TUGAS 1 BAHASA INDONESIA



"Kami poetera dan poeteri Indonesia, mendjoendjoeng bahasa persatoean, bahasa Indonesia."
Butir terakhir dari isi Sumpah Pemuda yang tertulis dalam ejaan lama dan dikumandangkan oleh putra-putri Indonesia 84 tahun silam ini seakan mendunia. Suatu kenyataan dan lompatan yang sulit dibayangkan kita semua sebagai anak bangsa apabila suatu saat nanti menyaksikan Indonesia dipersatukan oleh masyarakat internasional dalam bahasa Indonesia. Kemungkinan ini sebenarnya sudah berproses melalui akar sejarah yang terbentuk sejak tersebarnya kebudayaan dan masyarakat Indonesia hingga ke seluruh dunia beberapa abad sebelumnya.

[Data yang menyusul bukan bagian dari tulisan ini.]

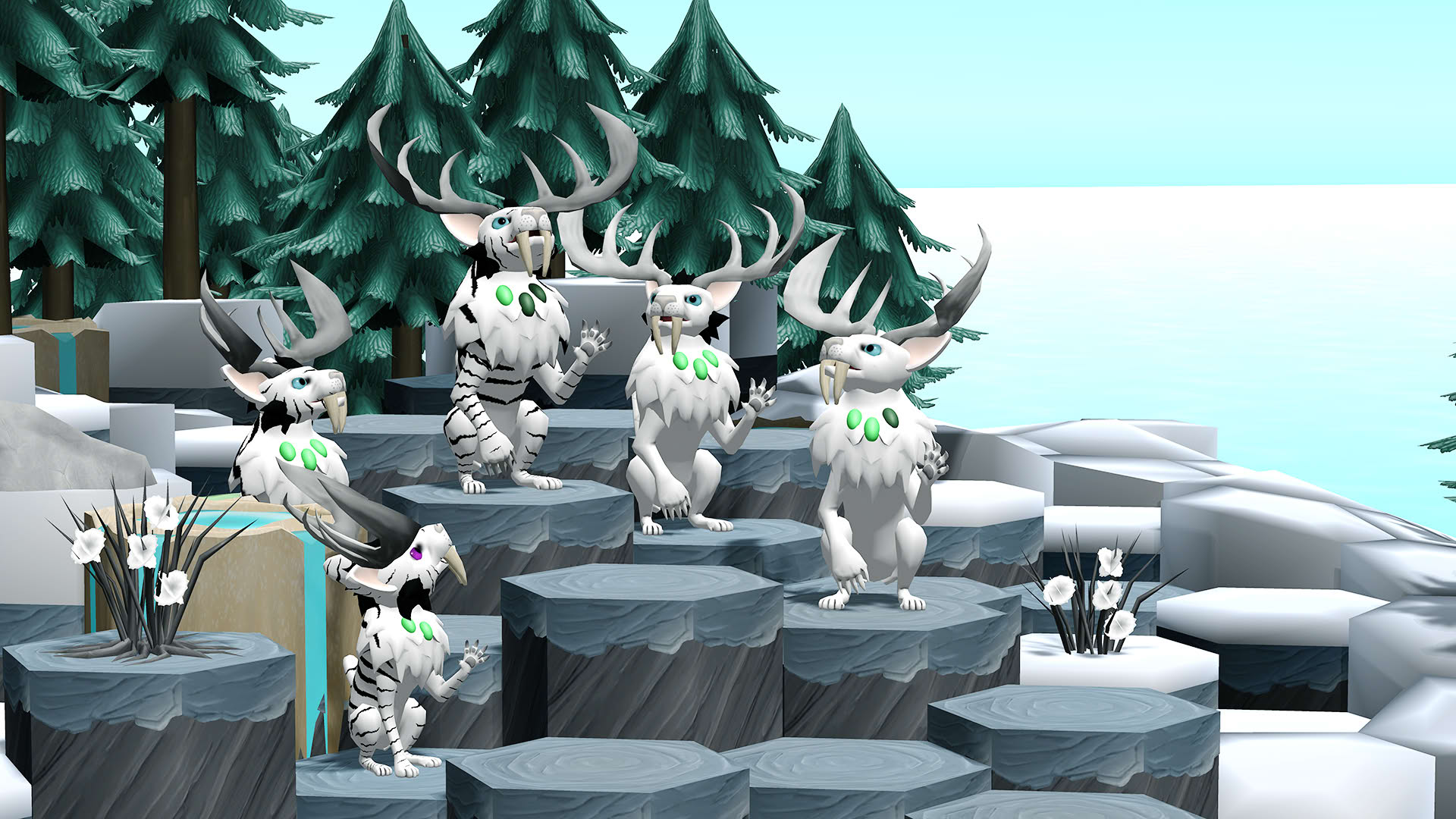 Screenshot for Niche: A Genetics Survival Game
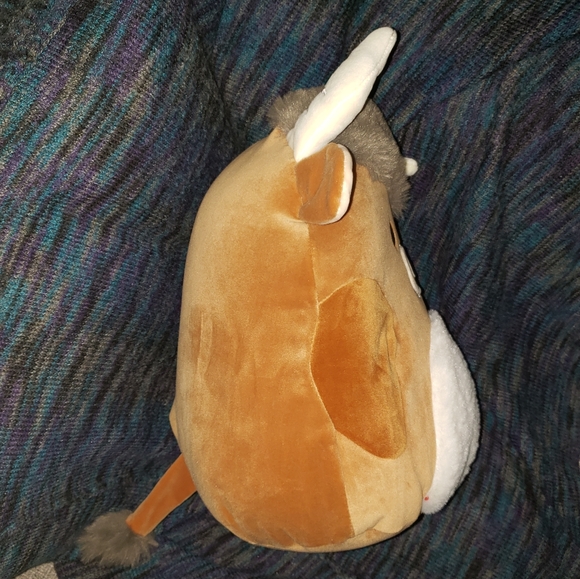 Squishmallows 11" Shep the Brown Spotted Bull Cow 2023 KELLYTOY NWT - Picture 4 of 10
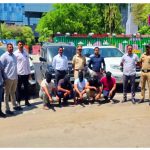 ५० लाखांच्या खंडणीसाठी मेट्रो ठेकेदाराचे अपहरण; ५ आरोपी जेरबंद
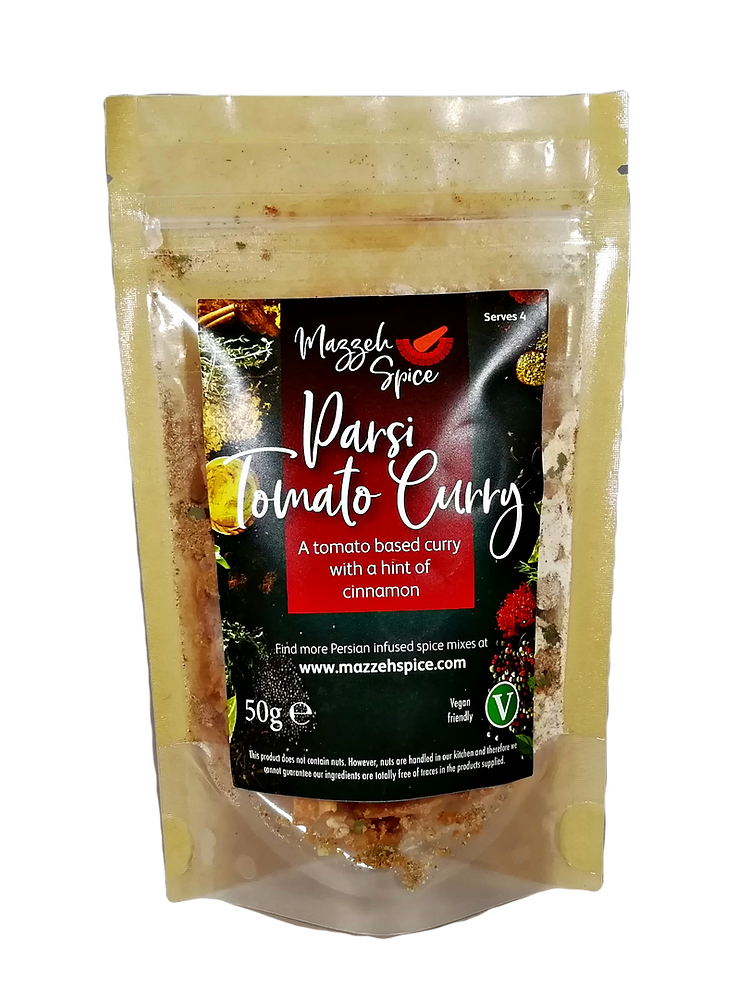 Parsi Tomato Curry Mazzeh Spice Mix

"Halo, saya orang Indonesia," sapa seorang pria setengah baya bertampang bule yang mengaku nenek moyangnya keturunan Indonesia ke penulis saat menghadiri upacara pengibaran bendera di kompleks Kedutaan Besar Republik Indonesia (KBRI) di Colombo, Sri Lanka, pada 17 Agustus 2011 . Rupanya pria yang hanya mengerti beberapa patah kata dalam bahasa Indonesia ini sudah mendapatkan informasi terlebih dulu dari staf KBRI di Colombo mengenai kedatangan penulis yang berprofesi sebagai wartawan dari sebuah media online di Jakarta saat itu. Penulis kemudian menyadari warga keturunan Indonesia pertama yang diyakini diasingkan oleh Pemerintah Kolonial Belanda ke Sri Lanka adalah rombongan Pangeran Adipati Amungkurat III beserta para keluarga dan pengikutnya pada 1708. Sebagian besar mereka yang diasingkan berasal dari Pulau Jawa.

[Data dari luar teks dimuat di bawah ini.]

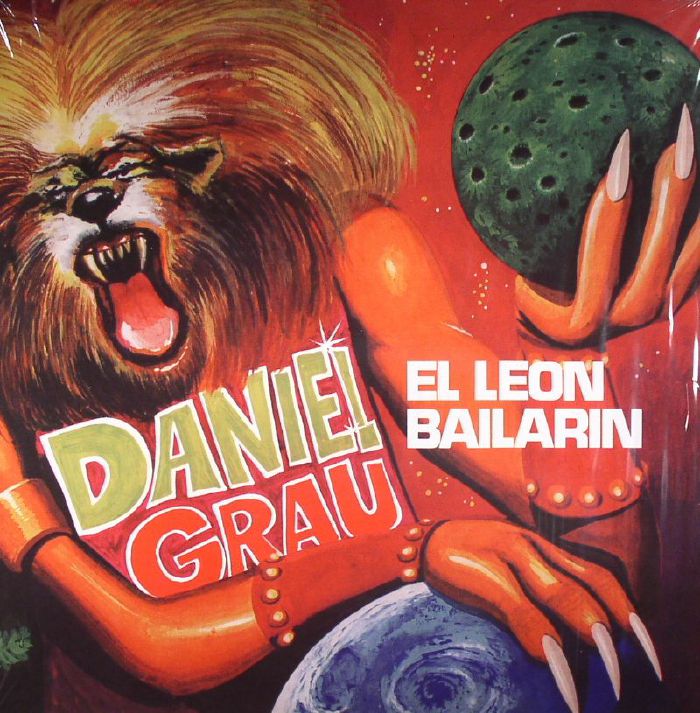 Daniel Grau El Leon Bailarin (reissue)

Namun, ada pula yang berasal dari Sumatra, Maluku, Madura serta Tidore. Mereka yang kemudian menolak untuk dipulangkan kembali ke Indonesia kawin-mawin di antaranya dengan penduduk lokal. Sebagian besar keturunan mereka saat ini yang sudah kehilangan status kewarganegaraan Indonesia tidak mengetahui persis siapa nenek moyang mereka.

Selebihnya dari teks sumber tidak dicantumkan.